Draymond Green voto 5.5: Dichiarare prima dell’inizio della serie che LeBron James “non è Dio” era sembrata una spavalderia già prima che il Re cominciasse a giocare come la macchina da basket che sta dimostrando di essere. Adesso il buon Draymond non solo si trova a dover marcare il Re, infuriato per il suo reato di lesa maestà, ma sembra anche aver dimenticato quello che era stato capace di fare in regular season. Abulico e timoroso, la sua partita può essere riassunta in una singola azione del terzo quarto, quando riceve palla solo e solitario sul perimetro per quello che potrebbe essere il più aperto dei tiri aperti. Senza ragione apparente invece, Green penetra, finendo per buttare l’azione e i possibili punti che avrebbero riavvicinato i Warriors. Il suo tabellino parla di 7 pts con solo 2/10 dal campo (20% al tiro), 7 rbd e 3 ass. Ma queste sono le Finals, e questi numeri non bastano. Draymond deve tornare a essere almeno simile a come era in regular season se vuole sperare di battere questi Cavs. IN CONFUSIONE.
Klay Thompson voto 5: Il secondo Splash Brother sembra condannato a una serata di sofferenza. Per tutto il primo tempo, complice la pressione difensiva di Cleveland, sbaglia tantissimo, e non riesce mai a incidere. Nel secondo tempo si vede un po’ di più, ma evidentemente così non va. Anche quando Steph Curry suona la carica e ricomincia a segnare in maniera continuativa tiri astronomici, Klay non riesce a seguirlo, e rimane impantanato nella sua serata no. Una serata fatta di 14 pts con 6/16 dal campo e 2/7 da tre, senza particolari squilli di tromba. Da uno con la sua classe, il suo talento, e, perché non dirlo, il suo stipendio (Klay gode attualmente dei benefici di un quadriennale da 70 milioni di dollari) è lecito aspettarsi molto, ma molto di più. CRASH BROTHER.

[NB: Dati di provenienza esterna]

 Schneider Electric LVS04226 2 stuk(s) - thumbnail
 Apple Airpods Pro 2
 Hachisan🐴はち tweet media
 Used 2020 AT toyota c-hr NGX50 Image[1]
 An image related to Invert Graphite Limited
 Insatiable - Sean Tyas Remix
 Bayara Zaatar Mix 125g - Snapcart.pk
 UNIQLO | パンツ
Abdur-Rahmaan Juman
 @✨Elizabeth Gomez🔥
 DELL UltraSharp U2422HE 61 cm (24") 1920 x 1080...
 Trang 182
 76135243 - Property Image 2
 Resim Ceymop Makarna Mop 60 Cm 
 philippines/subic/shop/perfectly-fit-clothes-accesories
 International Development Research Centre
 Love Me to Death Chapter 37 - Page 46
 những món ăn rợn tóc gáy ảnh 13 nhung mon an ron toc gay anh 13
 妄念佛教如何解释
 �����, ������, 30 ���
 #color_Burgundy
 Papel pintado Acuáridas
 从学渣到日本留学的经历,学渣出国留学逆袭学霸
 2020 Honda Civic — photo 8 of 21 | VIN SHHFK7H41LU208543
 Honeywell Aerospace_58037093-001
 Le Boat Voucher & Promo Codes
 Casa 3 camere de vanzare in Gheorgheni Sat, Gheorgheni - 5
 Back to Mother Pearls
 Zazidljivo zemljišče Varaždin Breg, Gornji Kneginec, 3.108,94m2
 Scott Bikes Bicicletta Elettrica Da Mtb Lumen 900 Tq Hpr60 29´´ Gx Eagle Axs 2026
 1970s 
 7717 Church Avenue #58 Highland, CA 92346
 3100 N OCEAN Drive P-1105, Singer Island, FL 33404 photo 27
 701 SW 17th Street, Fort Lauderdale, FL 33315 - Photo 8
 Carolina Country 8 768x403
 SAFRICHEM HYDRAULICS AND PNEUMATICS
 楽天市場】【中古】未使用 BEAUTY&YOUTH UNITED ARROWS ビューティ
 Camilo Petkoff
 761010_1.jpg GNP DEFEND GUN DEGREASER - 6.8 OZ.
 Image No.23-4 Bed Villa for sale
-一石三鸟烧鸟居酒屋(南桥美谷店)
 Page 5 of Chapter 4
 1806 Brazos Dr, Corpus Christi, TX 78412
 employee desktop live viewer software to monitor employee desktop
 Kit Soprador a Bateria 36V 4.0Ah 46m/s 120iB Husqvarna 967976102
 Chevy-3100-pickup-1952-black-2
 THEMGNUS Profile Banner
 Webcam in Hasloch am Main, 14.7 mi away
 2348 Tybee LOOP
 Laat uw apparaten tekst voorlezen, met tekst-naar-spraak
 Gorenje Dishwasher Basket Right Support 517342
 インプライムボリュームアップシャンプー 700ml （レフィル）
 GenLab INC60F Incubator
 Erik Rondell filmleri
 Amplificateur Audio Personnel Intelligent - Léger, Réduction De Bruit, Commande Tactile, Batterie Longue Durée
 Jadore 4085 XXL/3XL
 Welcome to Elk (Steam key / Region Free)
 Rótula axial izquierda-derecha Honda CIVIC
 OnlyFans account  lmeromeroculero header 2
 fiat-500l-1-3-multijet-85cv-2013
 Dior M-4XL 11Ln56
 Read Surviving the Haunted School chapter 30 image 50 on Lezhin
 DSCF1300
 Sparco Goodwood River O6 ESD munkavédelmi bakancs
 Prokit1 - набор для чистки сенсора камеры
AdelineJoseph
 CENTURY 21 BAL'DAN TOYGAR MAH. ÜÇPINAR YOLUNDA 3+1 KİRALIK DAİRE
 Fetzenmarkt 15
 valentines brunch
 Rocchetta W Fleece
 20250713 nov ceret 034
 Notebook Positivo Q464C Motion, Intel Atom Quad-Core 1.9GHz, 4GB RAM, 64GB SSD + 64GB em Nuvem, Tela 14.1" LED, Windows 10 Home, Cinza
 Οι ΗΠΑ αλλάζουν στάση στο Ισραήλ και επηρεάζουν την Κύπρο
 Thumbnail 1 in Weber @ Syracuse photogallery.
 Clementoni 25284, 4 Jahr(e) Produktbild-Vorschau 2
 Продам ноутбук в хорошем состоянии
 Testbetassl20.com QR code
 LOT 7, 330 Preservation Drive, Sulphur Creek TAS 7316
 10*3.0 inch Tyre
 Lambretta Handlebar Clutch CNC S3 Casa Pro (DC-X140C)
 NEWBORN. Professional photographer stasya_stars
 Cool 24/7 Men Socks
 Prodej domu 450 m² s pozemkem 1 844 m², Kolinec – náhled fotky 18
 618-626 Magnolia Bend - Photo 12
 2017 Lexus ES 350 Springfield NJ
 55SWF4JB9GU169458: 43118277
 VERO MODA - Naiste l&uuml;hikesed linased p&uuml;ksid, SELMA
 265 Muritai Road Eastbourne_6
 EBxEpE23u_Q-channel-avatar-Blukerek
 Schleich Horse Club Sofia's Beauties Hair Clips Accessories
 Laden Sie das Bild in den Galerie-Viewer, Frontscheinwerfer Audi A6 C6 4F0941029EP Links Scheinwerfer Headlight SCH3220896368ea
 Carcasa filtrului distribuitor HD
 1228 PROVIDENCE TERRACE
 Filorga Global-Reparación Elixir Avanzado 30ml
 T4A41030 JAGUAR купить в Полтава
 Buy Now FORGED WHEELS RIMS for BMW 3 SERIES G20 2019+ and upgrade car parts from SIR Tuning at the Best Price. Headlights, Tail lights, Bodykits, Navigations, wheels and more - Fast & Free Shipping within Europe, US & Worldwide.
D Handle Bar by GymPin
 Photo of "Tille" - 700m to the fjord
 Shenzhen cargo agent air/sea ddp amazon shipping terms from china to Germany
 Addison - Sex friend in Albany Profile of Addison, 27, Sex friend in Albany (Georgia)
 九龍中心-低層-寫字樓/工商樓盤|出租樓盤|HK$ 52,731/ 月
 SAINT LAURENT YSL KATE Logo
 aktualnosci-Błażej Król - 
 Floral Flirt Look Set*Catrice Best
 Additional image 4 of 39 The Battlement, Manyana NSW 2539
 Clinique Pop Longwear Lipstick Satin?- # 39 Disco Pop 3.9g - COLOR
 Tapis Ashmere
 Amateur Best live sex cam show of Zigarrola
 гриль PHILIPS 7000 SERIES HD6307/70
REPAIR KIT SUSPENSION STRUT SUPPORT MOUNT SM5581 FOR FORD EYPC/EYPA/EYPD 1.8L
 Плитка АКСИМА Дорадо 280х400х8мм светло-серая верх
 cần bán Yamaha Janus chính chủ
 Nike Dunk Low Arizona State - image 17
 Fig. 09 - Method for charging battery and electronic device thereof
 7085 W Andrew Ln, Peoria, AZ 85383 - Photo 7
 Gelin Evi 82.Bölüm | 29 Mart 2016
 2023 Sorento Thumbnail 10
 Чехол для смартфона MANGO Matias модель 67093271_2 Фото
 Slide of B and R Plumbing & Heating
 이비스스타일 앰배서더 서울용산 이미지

Shaun Livingston voto 5.5: La maggior profondità della panchina dei Warriors non si è tradotta in qualità. La prova è la prestazione del playmaker ex Brooklyn Nets, che mette in campo pochi punti (solo 4), scarsissima partecipazione offensiva (solo 4 tiri presi, e due sbagliati) e inconsistenza difensiva. Vista la rotazione strettissima dei Cavs, la sua freschezza dovrebbe poter fare la differenza. Ma così non è, e alla fine rimane il sapore dell’occasione sprecata. Si attendono miglioramenti nelle gare a venire. RIVEDIBILE.
Andrew Bogut voto 4.5: Per portarlo a Oakland, Golden State dovette mandare a Milwaukee un certo Monta Ellis, ma fino a questo punto delle Finals il centro australiano non sta giustificando l’investimento. Praticamente invisibile sul parquet, nel primo tempo sbaglia tutte le scelte nelle situazioni nelle quali è chiamato in causa. Mette a segno 4 pts, con percentuali decenti, ma dopo 17 minuti di sofferenza, Kerr decide di preferirgli un redivivo David Lee. Ogni volta che sarebbe necessario salire di livello, lui riesce a fare sempre un passo indietro. Stanotte ne è stata una ulteriore prova. Deve cominciare a metterci più intensità sul campo, o sarà scavalcato in ogni gerarchia. A RISCHIO.
Harrison Barnes voto 4: Non è mai stato un giocatore con i 30 pts nelle mani, ma almeno nelle uscite precedenti il buon Harrison aveva sempre fatto il suo. Stanotte invece è un produttore inesauribile di sciagure per Golden State. Sbaglia tutti i suoi 8 tiri dal campo (di cui uno da tre) e non riesce a procurarsi nemmeno un libero, chiudendo la sua prova a 0 pts. In più, a fronte dei 3 rbd catturati, perde tre palloni sanguinosi. Dopo 19 minuti a vederlo arrancare sul campo, Steve Kerr ha pietà di lui e lo tira fuori dalla partita. Il suo -14 di plus minus è il dato più eloquente della sua serata no. DA DIMENTICARE.